To quote a viewer email from Kevin…
“What is this crap about a subtropical storm. It either is or isn’t. No name until it is a tropical storm. I guess you are in cahoots with insurance companies to name a storm before it is so they won’t have to pay the first 2 percent of a claim for a named storm. Shame on you.”
- First, It’s not “crap”, it’s meteorology.
- Yes, it is or isn’t.

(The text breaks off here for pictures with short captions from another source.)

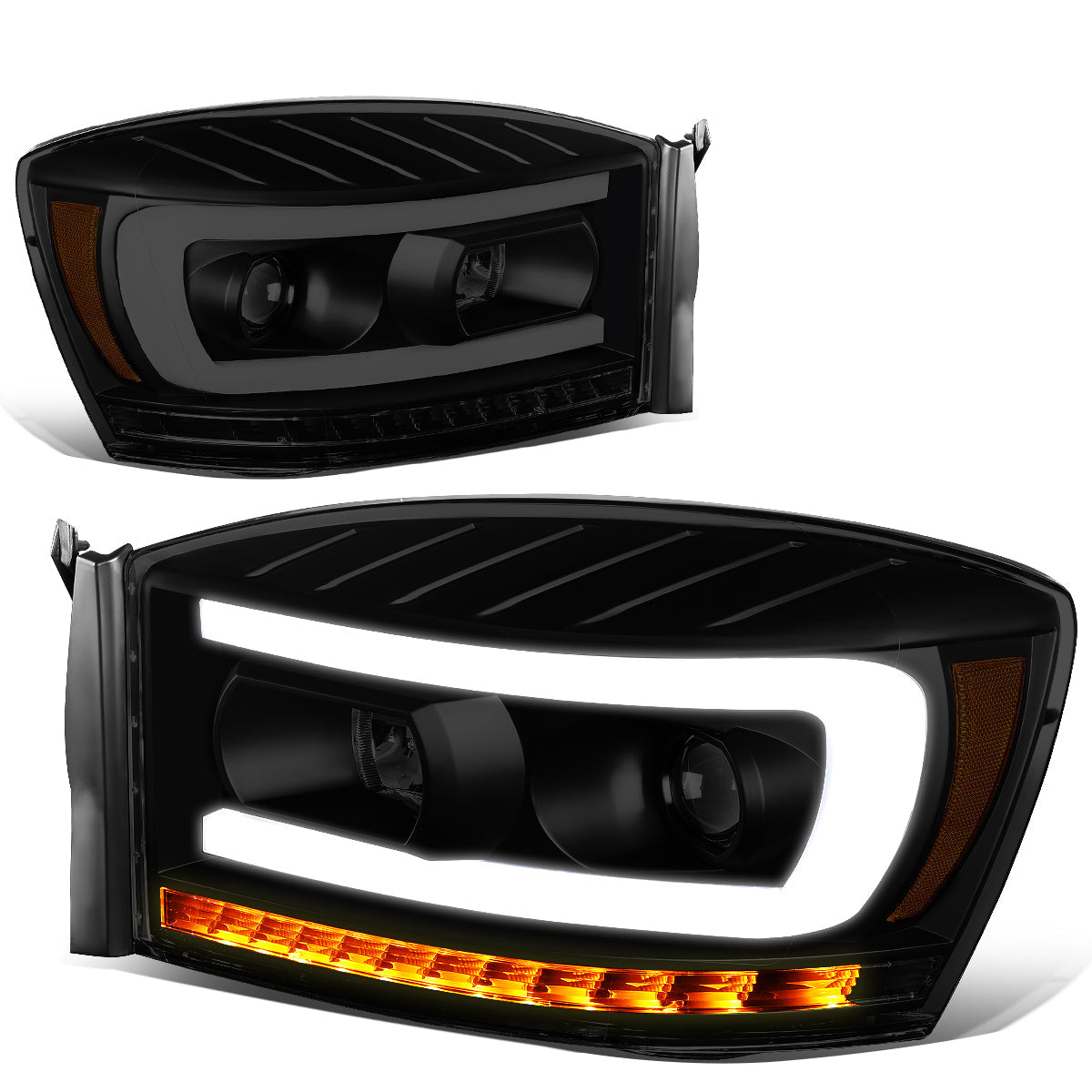 LED DRL Sequential Projector Headlights<br>06-08 Dodge Ram 1500 2500 3500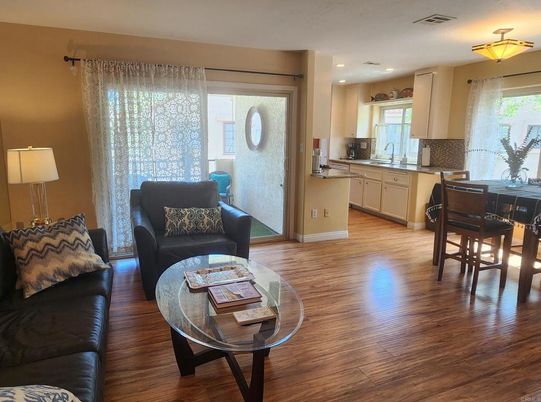 Dining room, Interior, Kitchen, Living room, Recessed Lighting, Wood Texture Flooring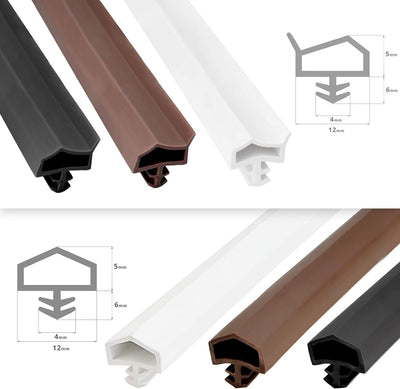 DQ-PP Türdichtung | Schwarz | 30 Meter | TPE Gummi | STD-05 | Falzbreite: 12mm Nutbreite: 4mm | Zimm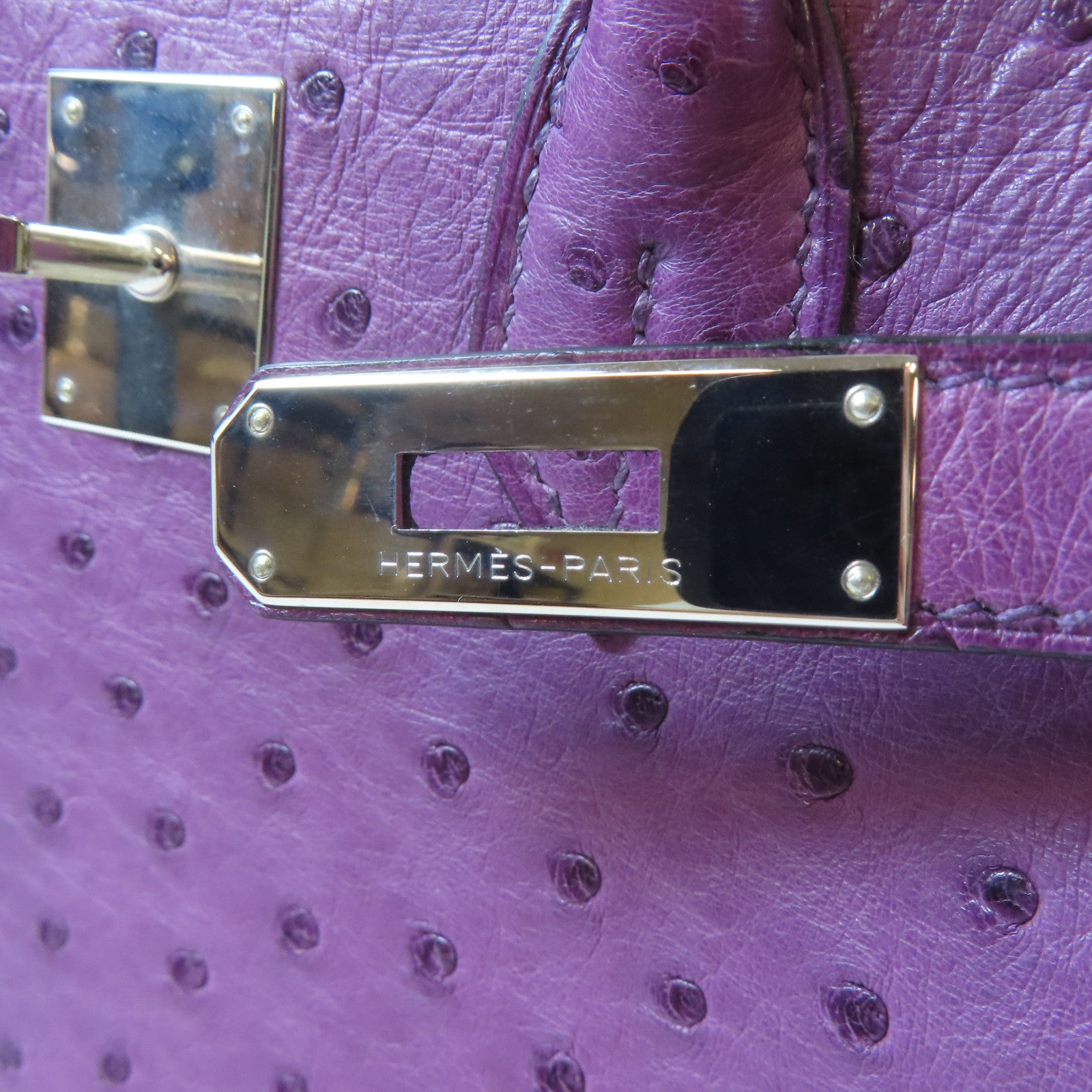 HERMES 【激減優惠】鴕鳥皮革Birkin 30銀扣手挽袋Iris/藍紫色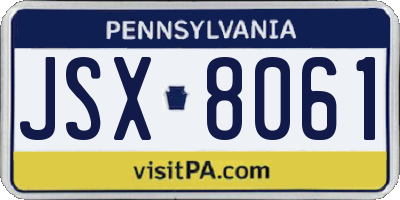 PA license plate JSX8061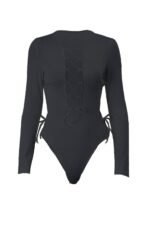 Yetta V-neck Lace Up Bodysuit - Image 4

A tropical vs subtropical are two different things (just like depression vs storm vs hurricane).
- False, subtropical storms do get names (a subtropical depression would get a number).
- No, we are not “in cahoots” with insurance companies (I am here to inform and educate, not to sell you a policy).
- Shame on me?!? Remember, we don’t make the weather…
So, what is a subtropical storm?
According to NOAA, “A sub-tropical cyclone is a low-pressure system existing in the tropical or subtropical latitudes (anywhere from the equator to about 50°N) that has characteristics of both tropical cyclones and mid-latitude (or extratropical) cyclones.”
Subtropical cyclones (depressions or storms) are typically associated with an upper-level low-pressure system and have colder temperatures aloft. Tropical cyclones are warm-core from top to bottom and upper-level high-pressure systems helping their intensification.
Subtropical storms typically have a radius of strong winds farther out (60-125 miles from the center) than what is typically observed in tropical systems.
Many times subtropical storms can transform into tropical cyclones. A recent example is Hurricane Otto in October 2010.
Prior to 2002 subtropical storms were not given names. Gustav (2002) was the first subtropical storm to be named.
Sub or not, both types of systems can bring rain, wind, storm surge, flooding, and a risk for embedded tornadoes. Different titles but similar threats.